Migrende ilaca bağımlılık kader değil...
Reklam
Dr. Afif Bulut

Dr. Afif Bulut

Sağlık köşesi

Migrende ilaca bağımlılık kader değil...

31 Ekim 2014 - 19:04

Merhaba değerli okurlar... Ben Doktor Afif Bulut. Alternatif tıp yöntemlerine yönelmiş bir doktorum ve İzmir'in Menemen ilçesinde hasta kabul ettiğim özel muayenem var. Bundan sonra aralıklı günlerde yazılarımla sizlerle birlikte olacağım...

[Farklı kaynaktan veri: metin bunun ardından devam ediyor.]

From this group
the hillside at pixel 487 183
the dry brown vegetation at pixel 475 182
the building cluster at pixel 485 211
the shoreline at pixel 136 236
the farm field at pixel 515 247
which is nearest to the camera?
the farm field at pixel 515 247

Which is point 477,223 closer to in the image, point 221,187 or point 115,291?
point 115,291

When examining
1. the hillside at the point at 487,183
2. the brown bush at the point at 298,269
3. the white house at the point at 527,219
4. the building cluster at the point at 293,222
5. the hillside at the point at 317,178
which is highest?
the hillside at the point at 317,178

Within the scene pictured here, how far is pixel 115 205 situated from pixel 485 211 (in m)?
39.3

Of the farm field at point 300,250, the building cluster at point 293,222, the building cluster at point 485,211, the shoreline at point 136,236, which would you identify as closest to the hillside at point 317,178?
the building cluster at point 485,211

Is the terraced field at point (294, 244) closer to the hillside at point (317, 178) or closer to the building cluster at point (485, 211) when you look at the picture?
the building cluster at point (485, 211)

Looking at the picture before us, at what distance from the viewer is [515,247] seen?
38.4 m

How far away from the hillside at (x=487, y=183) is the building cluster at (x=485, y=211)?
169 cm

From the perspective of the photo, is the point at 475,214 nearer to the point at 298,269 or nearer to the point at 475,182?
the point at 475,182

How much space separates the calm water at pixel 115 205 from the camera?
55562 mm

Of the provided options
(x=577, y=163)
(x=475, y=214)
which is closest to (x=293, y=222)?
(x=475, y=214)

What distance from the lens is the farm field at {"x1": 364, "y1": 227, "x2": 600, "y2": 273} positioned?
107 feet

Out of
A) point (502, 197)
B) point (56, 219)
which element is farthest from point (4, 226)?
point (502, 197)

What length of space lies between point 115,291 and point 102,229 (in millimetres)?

Bu yazıdaki konumuz migren...

Migren toplumumuz da çok sık görülen ve bir çok insanda baş ağrısı atakları ile seyreden bir hastalıktır. Migrene özellikle kadınlarda daha sık rastlanır, belirli aralıklarla gelen hafif baş ağrısından, çok şiddetli baş ağrısına kadar değişen; bulantı, kusma, görme bozuklukları, ışıktan ve sesten rahatsız olma, baş dönmesi, kulak çınlaması gibi semptomlar ile ortaya çıkar ve bazen bir kaç güne uzayan ataklar halinde de seyredip hastayı canından bezdirir.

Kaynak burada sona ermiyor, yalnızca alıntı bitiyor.